Stripe’s investments in machine learning (ML) and artificial intelligence (AI) contributed to the financial infrastructure platform’s rapid growth in 2024, co-founders Patrick Collison and John Collison wrote in their annual letter to the Stripe community that was released Thursday (Feb. 27).

“These bets continue to pay off, increasing revenue for existing customers, encouraging more businesses to switch to Stripe, and helping new companies reach significant scale unprecedentedly quickly,” they wrote.

Stripe’s total payment volume rose 38% in 2024 to reach $1.4 trillion, according to the letter.

In a separate announcement, the company said Thursday that a tender offer designed to provide liquidity to current and former Stripe employees was made at a valuation of $91.5 billion. The company will repurchase shares alongside investors.

Stripe was valued at $65 billion after a share sale deal in February 2024, Bloomberg News reported at the time.

The AI boom driving growth at Stripe includes demand for Stripe Billing’s ability to manage active subscriptions and serve as the “revenue engine of the AI era,” partnerships with AI companies that are reaching annualized revenue milestones more quickly than software-as-a-service (SaaS) companies, and AI agents that are using the company’s solutions for optimized checkout and spending money with virtual cards.

“Overall, we are ensuring that Stripe is well-positioned to serve the next chapter of the economy,” Patrick and John Collison wrote in the letter.

Looking at another trend in the payments landscape, they wrote that the proliferation of vertical SaaS solutions has enabled small businesses to better compete with franchisees and has boosted demand for Stripe to power the platforms’ payment services.

“This in turn highlights why internet-native, programmable financial services are so important: they’re the foundation that vertical SaaS platforms need to flourish,” Patrick and John Collison wrote.

Another trend in the industry is “industrialized fraud” that is led by teams of engineers, managers and data analysts and costs the typical online business 3% of their revenue.

Stripe combats this fraud with its reputation network that is informed by data from the company’s transaction data that includes credit cards, email addresses, IP addresses, phone numbers, shipping addresses, devices and other details.
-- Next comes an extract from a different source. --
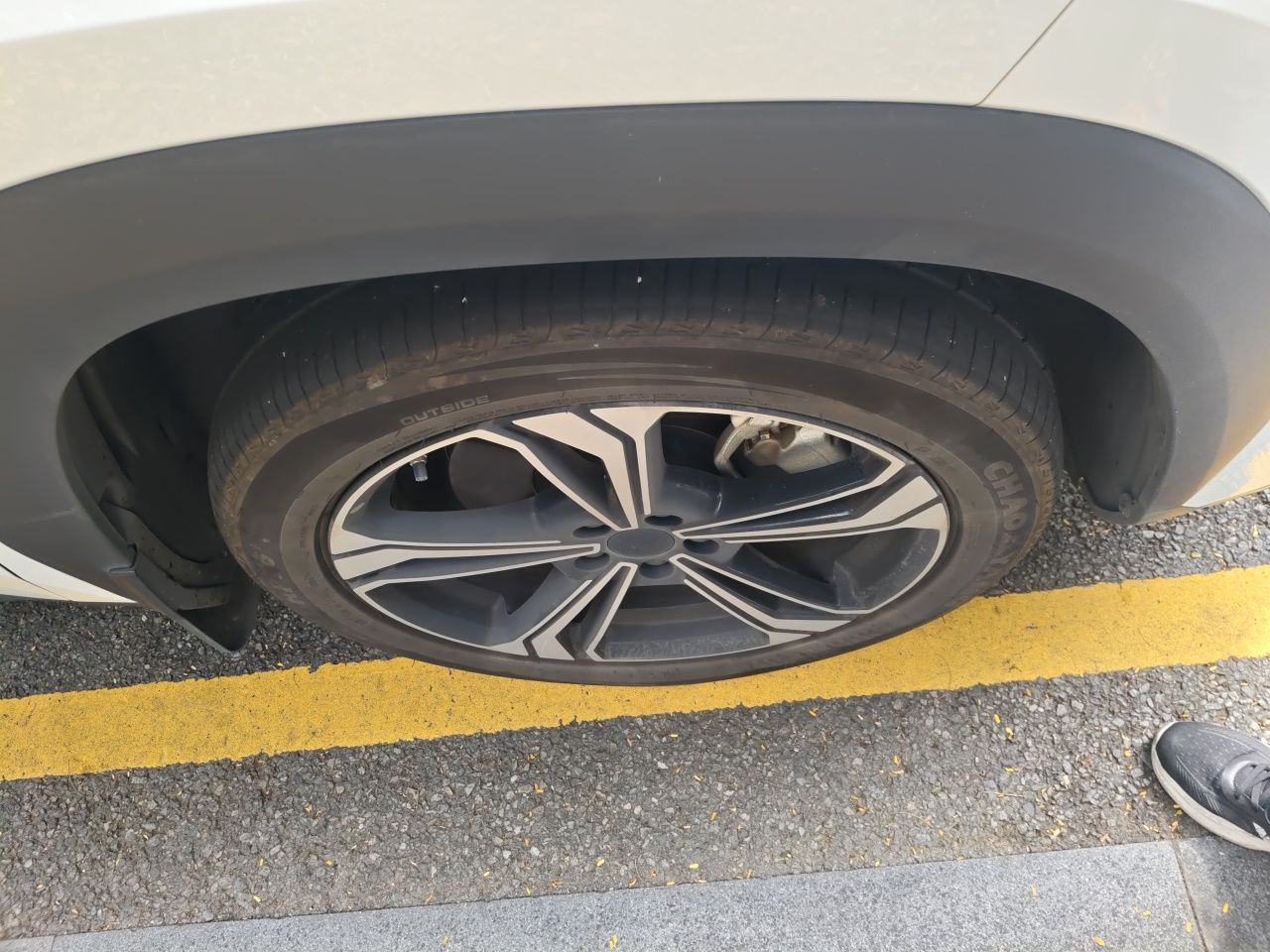 Geely Galaxy L7 2024 1.5T 115 km MAX Dragon Edition — снимка 8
With this data, Stripe’s systems can detect suspicious behavior.

“Data from $1.4 trillion in annual payments volume means that each payment makes the next payment safer, a flywheel spinning with now-considerable momentum,” the Collisons wrote.
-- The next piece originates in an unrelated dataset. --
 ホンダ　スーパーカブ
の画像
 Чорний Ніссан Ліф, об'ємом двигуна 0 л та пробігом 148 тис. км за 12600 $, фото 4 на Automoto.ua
The letter also highlighted stablecoins, saying that Stripe is helping enterprises assemble their stablecoin strategies and that the company is seeing stablecoins used to manage corporate treasuries, send remittances, facilitate dependable savings in countries with unstable currencies, and enable payments from companies with low card penetration.

“Stablecoins have four important properties relative to the status quo,” Patrick and John Collison wrote. “They make money movement cheaper, they make money movement faster, they are decentralized and open-access (and thus globally available from day one), and they are programmable.”

Stripe continues to invest in research and development as it expects AI, stablecoins and other forces will “reshape the landscape,” according to the letter.

Its solutions are helping established businesses modernize their operations or reinvent their business models, the letter said. Businesses are adopting these solutions to make more money by optimizing every part of the transaction and to keep up with the evolving payments landscape.

“Businesses need to adapt to the proliferation of new payment methods and business models, the growing sophistication of fraudulent actors, the ever more exacting expectations of consumers, and the transformation in the commerce experience instigated by AI,” Patrick and John Collison wrote.